Demonstrates stable performance across folds (low standard deviation), indicating robustness and generalization ability.

Achieves a much better balance between detecting fraudulent transactions and limiting false alarms.

While less inherently interpretable, it can be explained using SHAP-based feature importance.

## Final Model Recommendation
### ✅ Selected Model: Random Forest

Justification:

Achieves the highest F1-score, which is essential for fraud detection where missing fraudulent transactions is costly.
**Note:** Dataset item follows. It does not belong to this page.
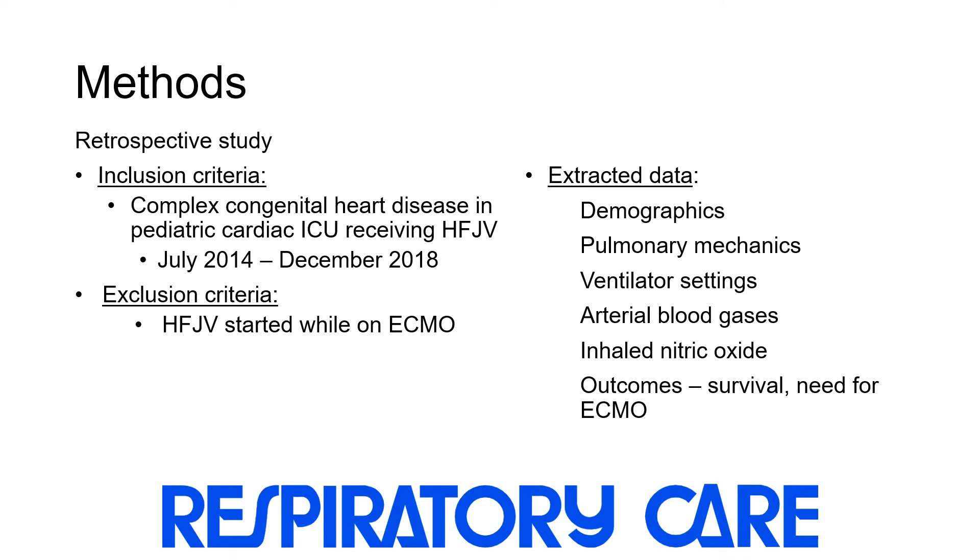This study was retrospective, and we included all pediatric patients with complex congenital heart disease who received high-frequency jet ventilation in the pediatric cardiac ICU between July of 2014 through December of 2018. Patients in whom high-frequency jet ventilation was started while on ECMO were excluded. We extracted data on demographics,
Produces a higher AUC-PR, making it more reliable for highly imbalanced datasets.

Shows consistent cross-validation performance, indicating robustness and reduced overfitting risk.

Better suited for real-world fraud detection systems, where predictive performance is prioritized.

Logistic Regression remains valuable as a baseline and explanatory model, but Random Forest provides the best overall trade-off between detection accuracy, robustness, and practical applicability.